● **THE PROBLEM**: From the records below, please print only the lines from the one containing "ENGINE 112.972 in MODEL 220.067/167" through the one containing "fastende 4 6", both included. Skip the pictures.

= = = = = = =

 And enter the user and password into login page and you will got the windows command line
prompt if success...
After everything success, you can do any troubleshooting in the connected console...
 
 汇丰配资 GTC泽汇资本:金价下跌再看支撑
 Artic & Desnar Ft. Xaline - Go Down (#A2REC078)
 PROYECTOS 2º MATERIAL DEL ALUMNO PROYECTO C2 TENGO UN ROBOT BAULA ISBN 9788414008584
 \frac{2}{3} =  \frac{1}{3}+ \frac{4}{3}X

= = = = = = =

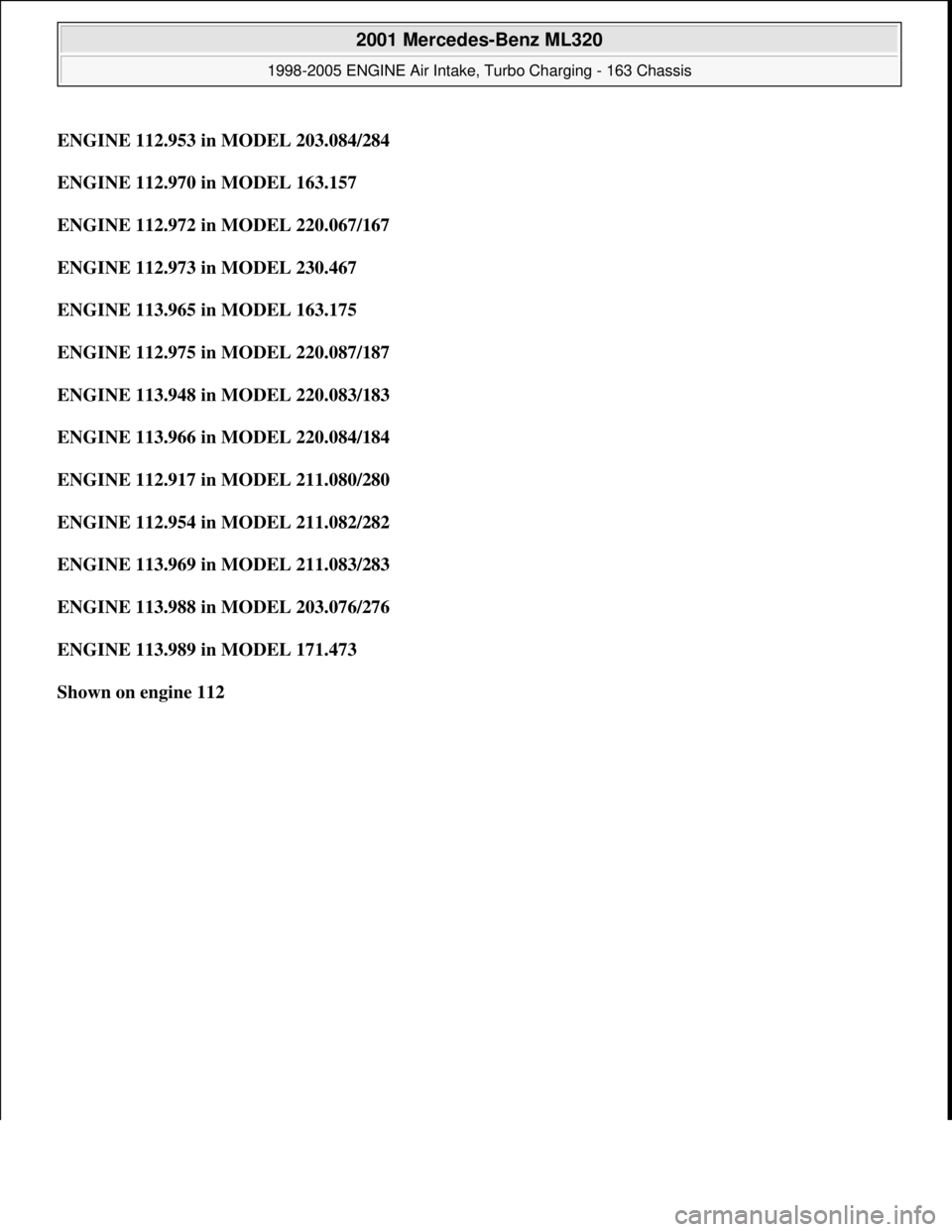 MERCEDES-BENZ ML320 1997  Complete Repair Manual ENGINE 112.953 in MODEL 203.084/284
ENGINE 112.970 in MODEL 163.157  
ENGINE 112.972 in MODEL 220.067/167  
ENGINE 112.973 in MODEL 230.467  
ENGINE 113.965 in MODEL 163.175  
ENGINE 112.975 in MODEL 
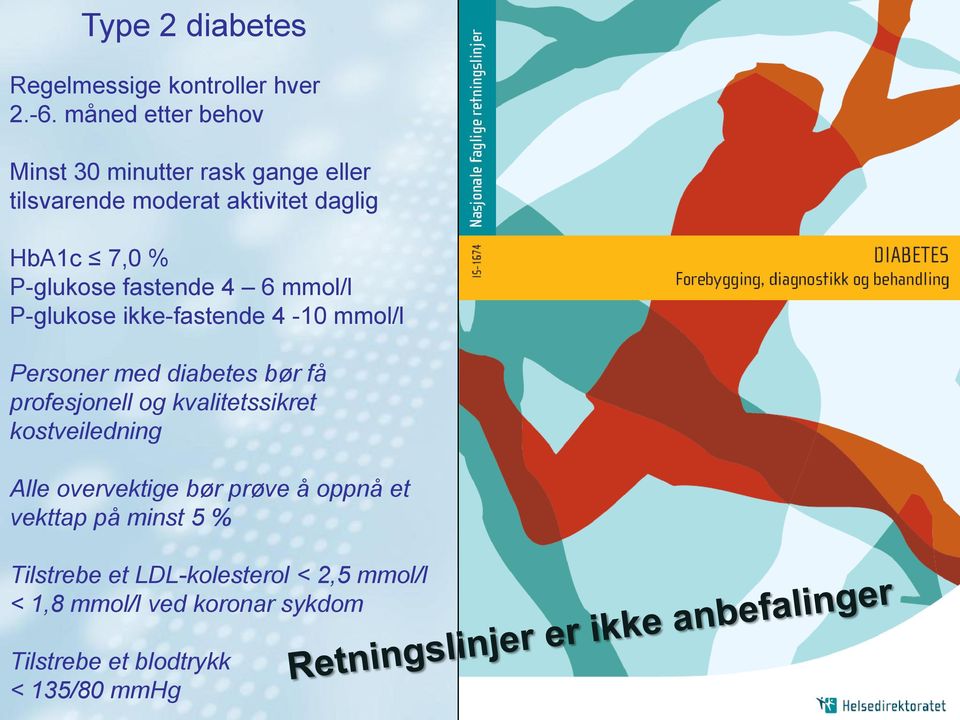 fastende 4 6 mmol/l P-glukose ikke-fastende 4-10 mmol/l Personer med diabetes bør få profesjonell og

= = = = = = =

● **SOLUTION TO THE PROBLEM**:
ENGINE 112.972 in MODEL 220.067/167  
ENGINE 112.973 in MODEL 230.467  
ENGINE 113.965 in MODEL 163.175  
ENGINE 112.975 in MODEL 
 fastende 4 6 mmol/l P-glukose ikke-fastende 4-10 mmol/l Personer med diabetes bør få profesjonell og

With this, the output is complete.